Short web captions
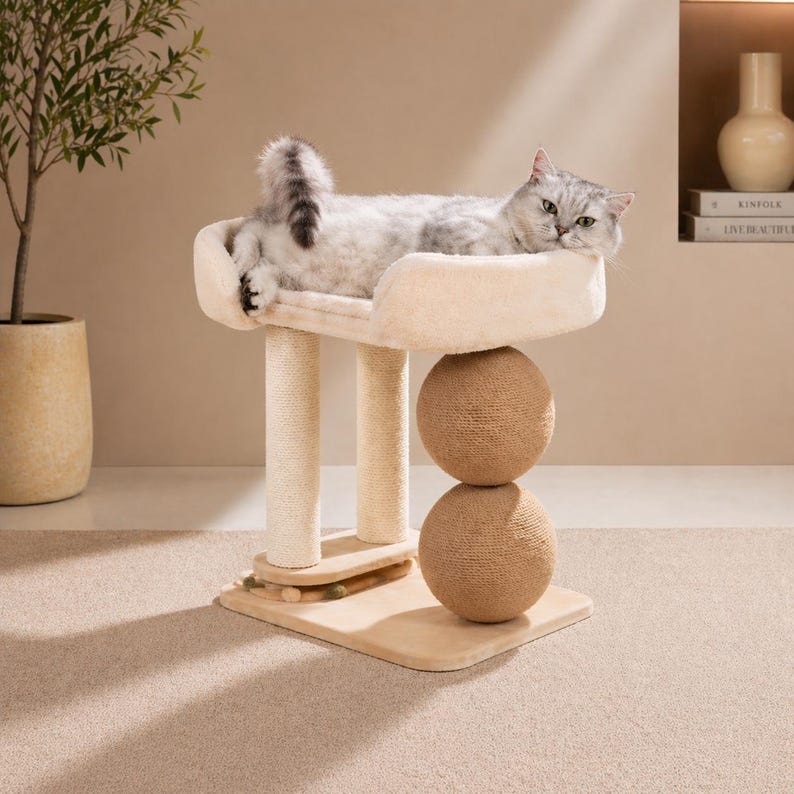 Cat Climbing Tower with Sisal Ball, Breathable Cooling Cat Bed, Jumping Platform for Cats, Modern Cat Tree Furniture, Pet Accessories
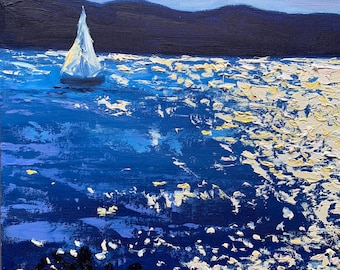 Oil painting original| summer | oil painted sea| landscape | nature | summer day | sea| home decor | beach | handmade| Black Sea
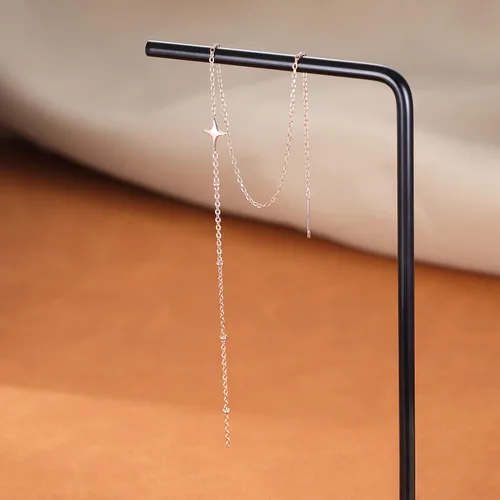 Vista 4 de SLUYNZ 925 Sterling Silver Star Long Dangle Earrings Chain for Women Teens Line Dangle Earrings Tassel Threader Chain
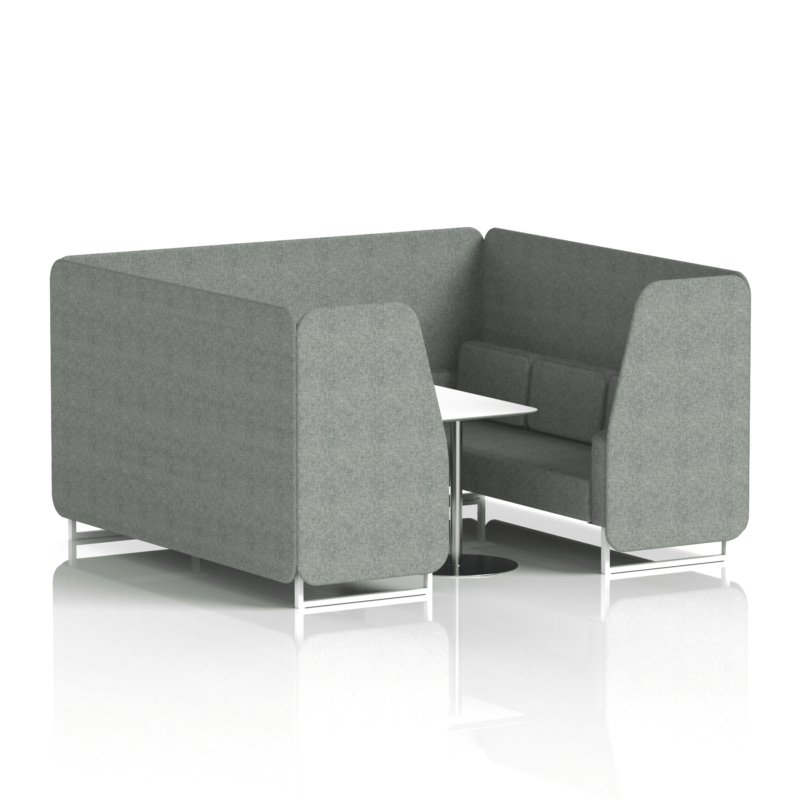 Brixworth Booth With White Legs And White Table In Single Tone - Image 65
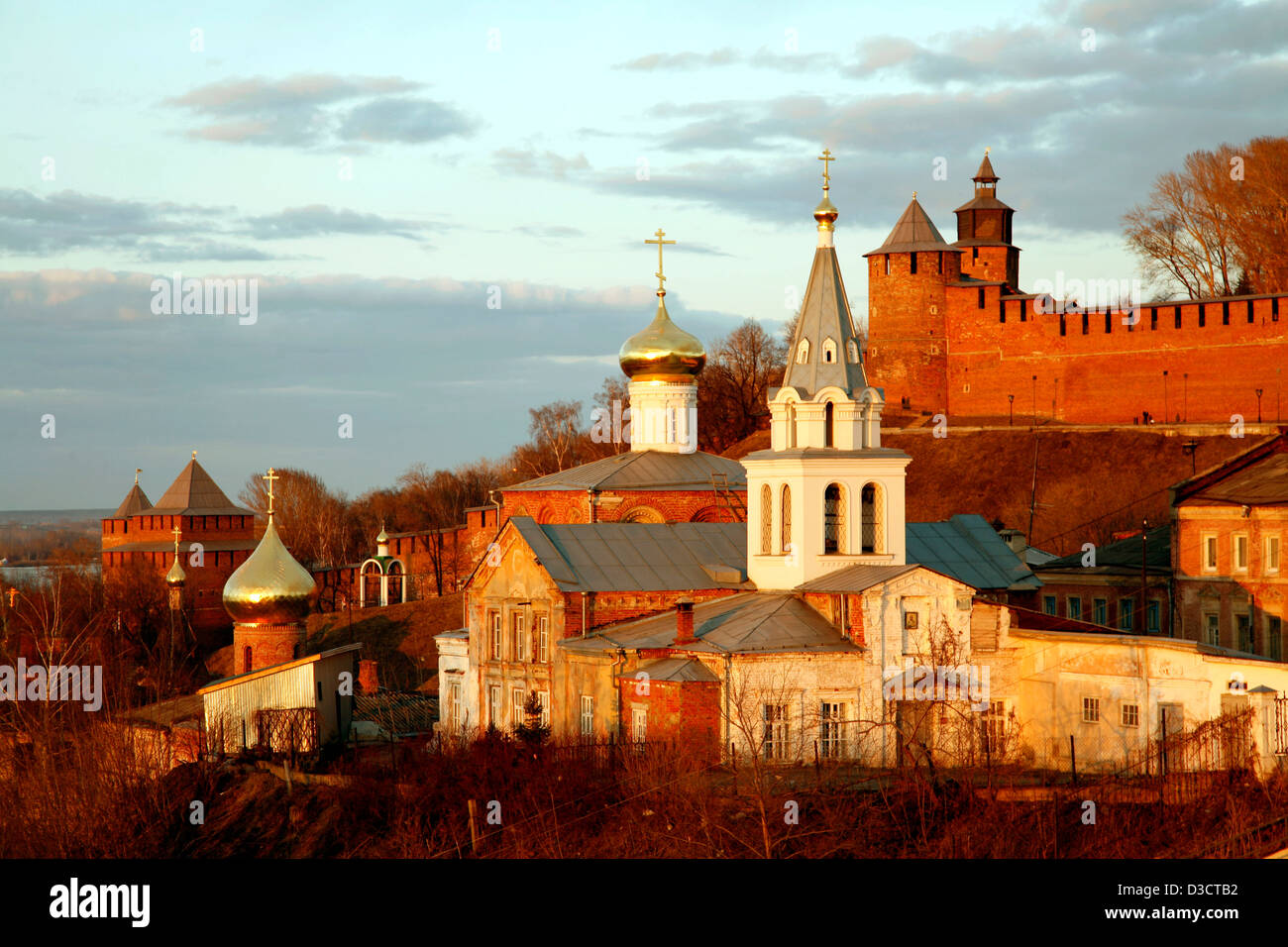 Church of Elijah the Prophet and Kremlin. Nizhny Novgorod, Russia. Stock Photo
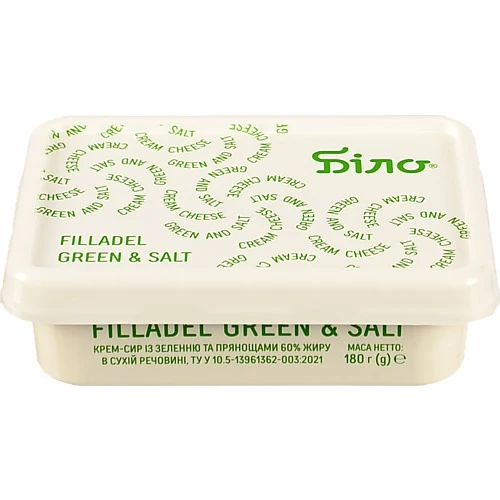 Крем-сир Біло Filladel Green&Salt 60% 180г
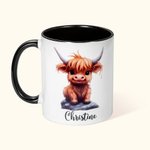 Gepersonaliseerde 11oz Schattige Hooglandse Koe Keramische Mok met Naam Verjaardagscadeau voor Familie Vriend
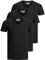 JACK & JONES - Camiseta básica para hombre, cuello de pico, paquete de 3 unidades, color liso, corte ajustado, en blanco, negro, azul y gris, Negro , L
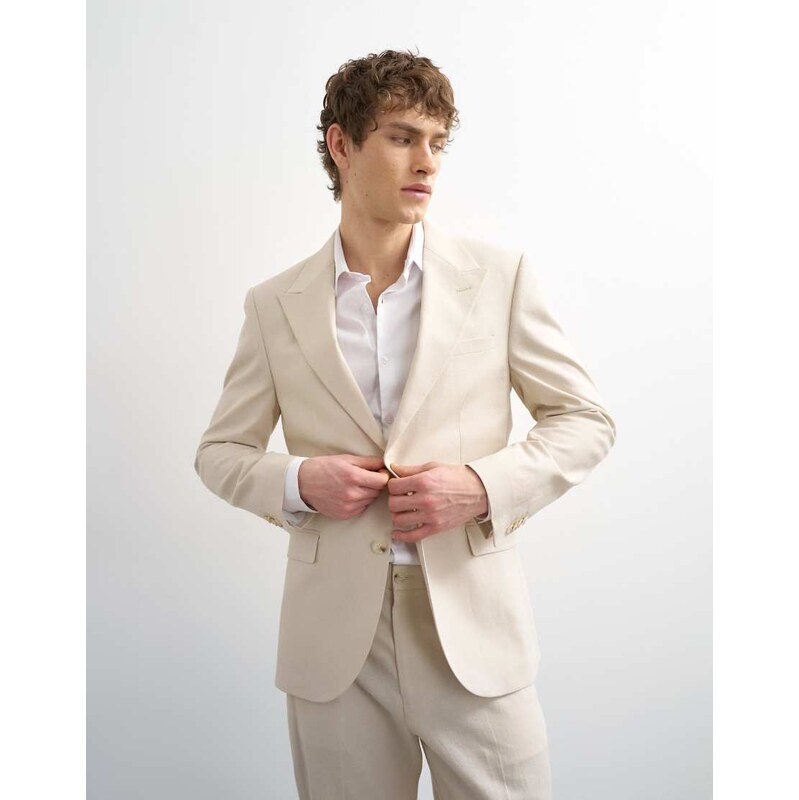 Topman linen rich blazer in stone-Neutral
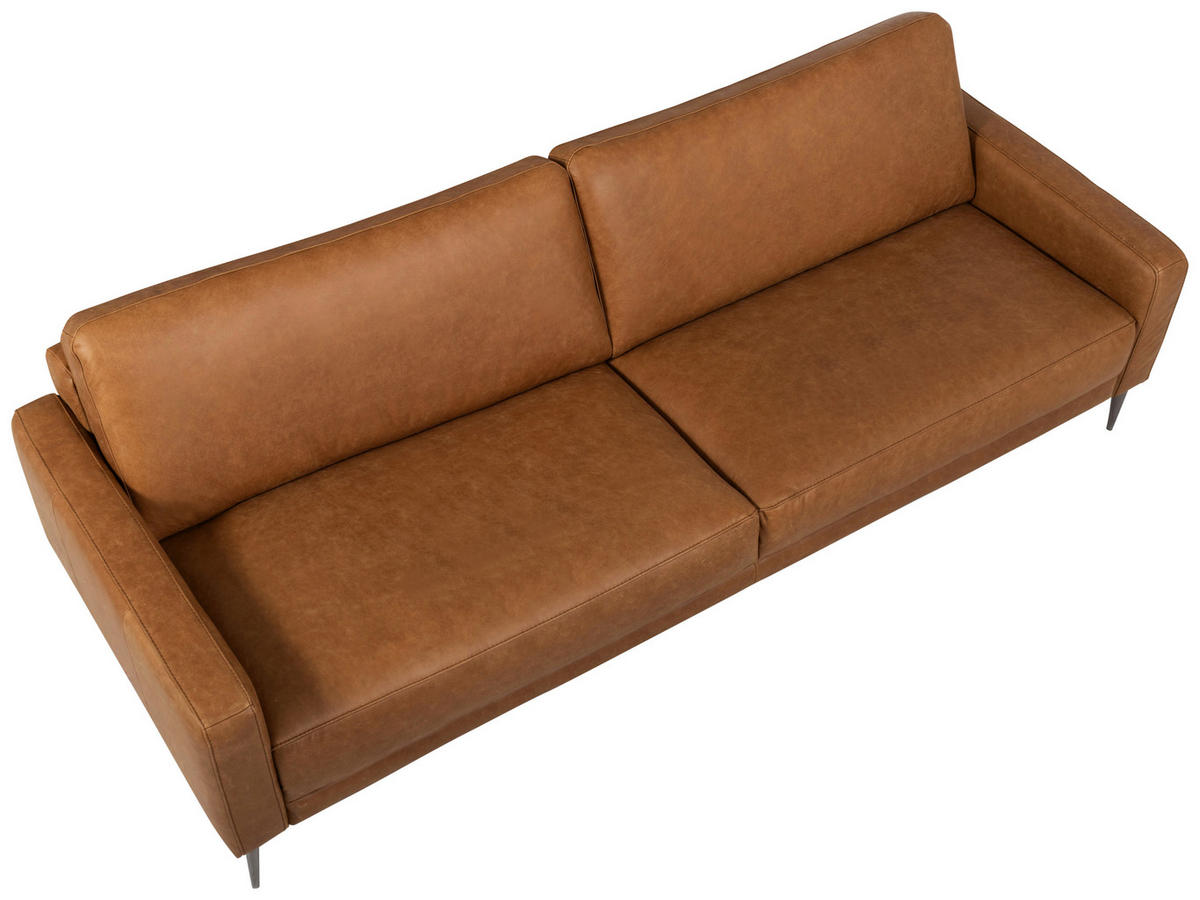 3,5-SITZER SPRING Echtleder Cognac  - Cognac/Schwarzchrom, Design, Leder/Metall (207/85/92cm) - Livetastic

— EXERCISE DIRECTIONS —
Output nothing but the records above, word for word, with the pictures removed.

— EXPECTED ANSWER —
 Cat Climbing Tower with Sisal Ball, Breathable Cooling Cat Bed, Jumping Platform for Cats, Modern Cat Tree Furniture, Pet Accessories
 Oil painting original| summer | oil painted sea| landscape | nature | summer day | sea| home decor | beach | handmade| Black Sea
 Vista 4 de SLUYNZ 925 Sterling Silver Star Long Dangle Earrings Chain for Women Teens Line Dangle Earrings Tassel Threader Chain
 Brixworth Booth With White Legs And White Table In Single Tone - Image 65
 Church of Elijah the Prophet and Kremlin. Nizhny Novgorod, Russia. Stock Photo
 Крем-сир Біло Filladel Green&Salt 60% 180г
 Gepersonaliseerde 11oz Schattige Hooglandse Koe Keramische Mok met Naam Verjaardagscadeau voor Familie Vriend
 JACK & JONES - Camiseta básica para hombre, cuello de pico, paquete de 3 unidades, color liso, corte ajustado, en blanco, negro, azul y gris, Negro , L
 Topman linen rich blazer in stone-Neutral
 3,5-SITZER SPRING Echtleder Cognac  - Cognac/Schwarzchrom, Design, Leder/Metall (207/85/92cm) - Livetastic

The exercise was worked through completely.